D11 is in a rough patch right now. She had a meltdown at school on Friday, then was sick over the weekend, served her suspension on Tursday and today had another meltdown this time with me.

Basically, she's behind at school because of being sick and the suspension so she had homework. She announced in the car she would fail art because there was no way she could get the art homework done by Friday.

Well, I said we had time to work on it right now and she couldn't play on any electronics until the homework was done.

She is seriously addicted to her DS, my Kindle, Minecraft, etc.

And she just went off for a while.

It took about an hour to calm her down.

She's struggling at school with a kid in her class who, she says, calls her ugly and stupid. She's complained and they are keeping an eye on it.

She's always been A) the youngest and most immature in her class and for a lot of years B) the bad kid, the one who gets into trouble.

So she really struggles with her self esteem and loves to get lost in video games, reading and writing.

After she finally calmed down we went for a bike ride to get some fresh air and talk before starting her homework.

Then we went back and finished her art homework -- I gave her five minutes on my Kindle before starting reading. Then XW showed up to get her.

I explained to her after she'd calmed down that when I was younger I would cry and scream and throw fits so I could play baseball or basketball or some kind of game before doing homework.

I usually got my way.

It only taught me that if I cause enough trouble I will get to do what I want instead of what is required of me ... and that has hurt me to this day.

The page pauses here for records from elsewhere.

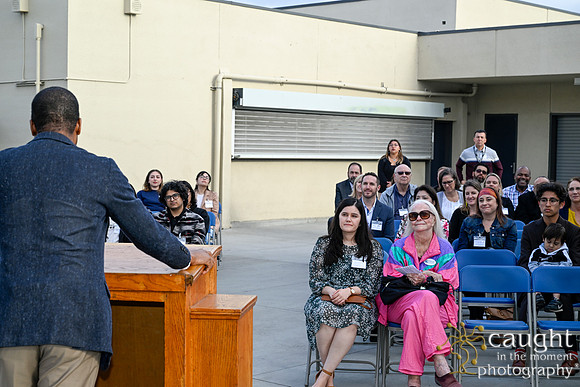 033 Digital Promise-Anaheim High School 2024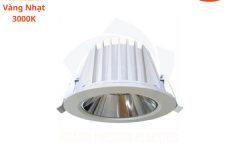CORE-DL-RC-20-B-930-WHT-G2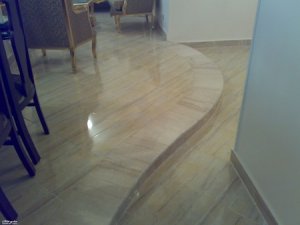 ديكور-3-450x338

We also talked about self esteem. She says the classmate makes her feel like she'll never have a boyfriend. No one will ever like her.

I told her the saying sticks and stones may break my bones but names will never hurt me is garbage. Bones heal. Names can cause permanent scars.

I told her part of the reason I've struggled so much with the divorce -- they notice -- is that I was an 11-year-old once who got picked on because my hair was messy and I didn't have cool clothes.

When I got married to a cheerleader type I felt like I'd shown all those classmates, see, you were wrong about me. Then, when it ended, I felt like I was that 11-year-old again.

So we talked about getting better together.

Anyway, XW came and got her and took off. And my head spun for a while on various weird scenarios likely to pop up in the next couple of years.

There are days I just wish I could zoom the calendar ahead to D11's college years when I can just, if I feel like it, put miles and miles between XW and I.

I'm at work now. My schedule is wacky right now. I end up working late a lot Monday, Tuesday, Wednesday so I can work shorter on Thursdays when I have the girls and Fridays when I either have the girls or have to go work a football game.

It's taking a while to get used to it.